Alt werden ist in Äthiopien für viele Menschen nicht nur mit körperlichen Beschwerden verbunden. Ohne soziales Netz und Pflegeheime wird das Überleben schwierig, besonders wenn keine Familie da ist, die sich kümmert. In Waragu begannen die Schwestern deshalb ein Programm für 60-70 alte Menschen, mit denen sie sich zwei Mal im Monat treffen. Sie unterstützen die Pflegebedürftigen zu Hause und kommen mit den anderen zwei Mal im Monat zusammen, um sie in diesen frohen Zusammenkünften wieder ihre Würde spüren zu lassen, so Sr. Josefa. Sie unterstützen sie medizinisch sowie mit Nahrung, Kleidung und Decken.

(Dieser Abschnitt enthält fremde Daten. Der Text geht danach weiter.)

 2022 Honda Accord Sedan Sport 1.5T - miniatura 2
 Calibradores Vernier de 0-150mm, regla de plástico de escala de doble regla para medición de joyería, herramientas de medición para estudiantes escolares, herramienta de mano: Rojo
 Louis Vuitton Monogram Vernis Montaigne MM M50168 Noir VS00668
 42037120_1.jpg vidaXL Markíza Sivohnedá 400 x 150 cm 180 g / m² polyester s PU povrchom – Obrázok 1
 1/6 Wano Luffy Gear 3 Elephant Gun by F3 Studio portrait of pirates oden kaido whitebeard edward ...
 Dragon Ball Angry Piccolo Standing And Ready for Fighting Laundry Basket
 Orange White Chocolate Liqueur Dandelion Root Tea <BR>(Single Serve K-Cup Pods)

Ehepaare und Familien zu stärken, damit sie zusammenbleiben, das ist ein Herzensanliegen der Schwestern. Im Jahr 2019/20 unterstützte die Stiftung ein Familienprojekt. Zu ihm gehörte die Feier des Weltfrauentags, die mit einem Bildungsangebot verbunden wurde. Ein einfaches Alphabetisierungsprogramm für Erwachsene mit monatlichen Treffen gehört zu diesem Projekt. 75 Schülerinnen aus den Klassen 9 und 10 werden das Schuljahr über in Chole und Moye unterstützt – sowohl solche aus besonders armen Verhältnissen wie auch solche, die sich durch überdurchschnittliche schulische Leistungen ausgezeichnet haben. Sie alle bekommen ein Mittagessen in der Schule und die Möglichkeit, danach noch in der Bibliothek, die hierfür besser ausgestattet wurde, weiter zu lernen. Sport, Werteerziehung sowie finanzielle Hilfen für Alleinerziehende runden dieses große Projekt ab.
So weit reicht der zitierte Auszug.